— RECORDS SUPPLIED —

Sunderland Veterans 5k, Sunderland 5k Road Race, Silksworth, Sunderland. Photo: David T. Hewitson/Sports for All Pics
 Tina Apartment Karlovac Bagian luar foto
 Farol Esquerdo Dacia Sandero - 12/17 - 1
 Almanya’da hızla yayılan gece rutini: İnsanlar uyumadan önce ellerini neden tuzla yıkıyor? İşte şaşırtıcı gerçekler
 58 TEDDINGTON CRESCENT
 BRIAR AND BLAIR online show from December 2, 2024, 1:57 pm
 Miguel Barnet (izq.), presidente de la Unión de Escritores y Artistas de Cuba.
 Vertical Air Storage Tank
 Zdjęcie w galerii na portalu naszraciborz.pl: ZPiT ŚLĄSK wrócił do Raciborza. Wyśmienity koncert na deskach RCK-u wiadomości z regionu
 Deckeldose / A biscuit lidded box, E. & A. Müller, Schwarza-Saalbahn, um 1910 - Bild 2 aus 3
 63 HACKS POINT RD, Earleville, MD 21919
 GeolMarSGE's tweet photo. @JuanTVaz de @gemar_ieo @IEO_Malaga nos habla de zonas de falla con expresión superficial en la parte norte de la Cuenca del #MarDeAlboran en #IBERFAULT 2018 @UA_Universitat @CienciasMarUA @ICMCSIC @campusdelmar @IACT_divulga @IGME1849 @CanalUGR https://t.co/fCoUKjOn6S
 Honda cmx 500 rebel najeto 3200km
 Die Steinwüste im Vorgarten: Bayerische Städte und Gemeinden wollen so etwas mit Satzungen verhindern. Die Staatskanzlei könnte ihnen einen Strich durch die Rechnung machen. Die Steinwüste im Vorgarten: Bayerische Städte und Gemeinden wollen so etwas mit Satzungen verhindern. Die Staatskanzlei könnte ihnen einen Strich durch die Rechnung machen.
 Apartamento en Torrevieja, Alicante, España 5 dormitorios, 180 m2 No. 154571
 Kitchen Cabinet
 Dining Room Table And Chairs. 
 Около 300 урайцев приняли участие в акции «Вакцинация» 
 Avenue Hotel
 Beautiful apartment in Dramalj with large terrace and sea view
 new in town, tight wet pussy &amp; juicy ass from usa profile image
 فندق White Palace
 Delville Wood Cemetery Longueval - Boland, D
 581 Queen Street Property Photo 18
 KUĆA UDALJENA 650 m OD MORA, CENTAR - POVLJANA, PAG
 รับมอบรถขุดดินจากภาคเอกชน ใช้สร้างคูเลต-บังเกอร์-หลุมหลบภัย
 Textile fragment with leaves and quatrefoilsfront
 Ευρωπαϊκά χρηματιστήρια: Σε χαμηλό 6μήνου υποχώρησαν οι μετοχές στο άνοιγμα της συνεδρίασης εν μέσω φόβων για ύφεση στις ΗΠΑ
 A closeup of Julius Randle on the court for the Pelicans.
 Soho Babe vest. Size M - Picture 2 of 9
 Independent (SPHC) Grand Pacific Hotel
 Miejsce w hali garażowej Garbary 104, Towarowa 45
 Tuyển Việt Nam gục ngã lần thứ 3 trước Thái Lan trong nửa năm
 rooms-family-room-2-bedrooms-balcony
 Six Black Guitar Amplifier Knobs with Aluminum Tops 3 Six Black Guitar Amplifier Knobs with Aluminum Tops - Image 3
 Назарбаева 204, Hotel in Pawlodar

— WHAT IS REQUIRED —
So that nothing is lost, return the listing exactly and completely.

— EXPECTED ANSWER —
Sunderland Veterans 5k, Sunderland 5k Road Race, Silksworth, Sunderland. Photo: David T. Hewitson/Sports for All Pics
 Tina Apartment Karlovac Bagian luar foto
 Farol Esquerdo Dacia Sandero - 12/17 - 1
 Almanya’da hızla yayılan gece rutini: İnsanlar uyumadan önce ellerini neden tuzla yıkıyor? İşte şaşırtıcı gerçekler
 58 TEDDINGTON CRESCENT
 BRIAR AND BLAIR online show from December 2, 2024, 1:57 pm
 Miguel Barnet (izq.), presidente de la Unión de Escritores y Artistas de Cuba.
 Vertical Air Storage Tank
 Zdjęcie w galerii na portalu naszraciborz.pl: ZPiT ŚLĄSK wrócił do Raciborza. Wyśmienity koncert na deskach RCK-u wiadomości z regionu
 Deckeldose / A biscuit lidded box, E. & A. Müller, Schwarza-Saalbahn, um 1910 - Bild 2 aus 3
 63 HACKS POINT RD, Earleville, MD 21919
 GeolMarSGE's tweet photo. @JuanTVaz de @gemar_ieo @IEO_Malaga nos habla de zonas de falla con expresión superficial en la parte norte de la Cuenca del #MarDeAlboran en #IBERFAULT 2018 @UA_Universitat @CienciasMarUA @ICMCSIC @campusdelmar @IACT_divulga @IGME1849 @CanalUGR https://t.co/fCoUKjOn6S
 Honda cmx 500 rebel najeto 3200km
 Die Steinwüste im Vorgarten: Bayerische Städte und Gemeinden wollen so etwas mit Satzungen verhindern. Die Staatskanzlei könnte ihnen einen Strich durch die Rechnung machen. Die Steinwüste im Vorgarten: Bayerische Städte und Gemeinden wollen so etwas mit Satzungen verhindern. Die Staatskanzlei könnte ihnen einen Strich durch die Rechnung machen.
 Apartamento en Torrevieja, Alicante, España 5 dormitorios, 180 m2 No. 154571
 Kitchen Cabinet
 Dining Room Table And Chairs. 
 Около 300 урайцев приняли участие в акции «Вакцинация» 
 Avenue Hotel
 Beautiful apartment in Dramalj with large terrace and sea view
 new in town, tight wet pussy &amp; juicy ass from usa profile image
 فندق White Palace
 Delville Wood Cemetery Longueval - Boland, D
 581 Queen Street Property Photo 18
 KUĆA UDALJENA 650 m OD MORA, CENTAR - POVLJANA, PAG
 รับมอบรถขุดดินจากภาคเอกชน ใช้สร้างคูเลต-บังเกอร์-หลุมหลบภัย
 Textile fragment with leaves and quatrefoilsfront
 Ευρωπαϊκά χρηματιστήρια: Σε χαμηλό 6μήνου υποχώρησαν οι μετοχές στο άνοιγμα της συνεδρίασης εν μέσω φόβων για ύφεση στις ΗΠΑ
 A closeup of Julius Randle on the court for the Pelicans.
 Soho Babe vest. Size M - Picture 2 of 9
 Independent (SPHC) Grand Pacific Hotel
 Miejsce w hali garażowej Garbary 104, Towarowa 45
 Tuyển Việt Nam gục ngã lần thứ 3 trước Thái Lan trong nửa năm
 rooms-family-room-2-bedrooms-balcony
 Six Black Guitar Amplifier Knobs with Aluminum Tops 3 Six Black Guitar Amplifier Knobs with Aluminum Tops - Image 3
 Назарбаева 204, Hotel in Pawlodar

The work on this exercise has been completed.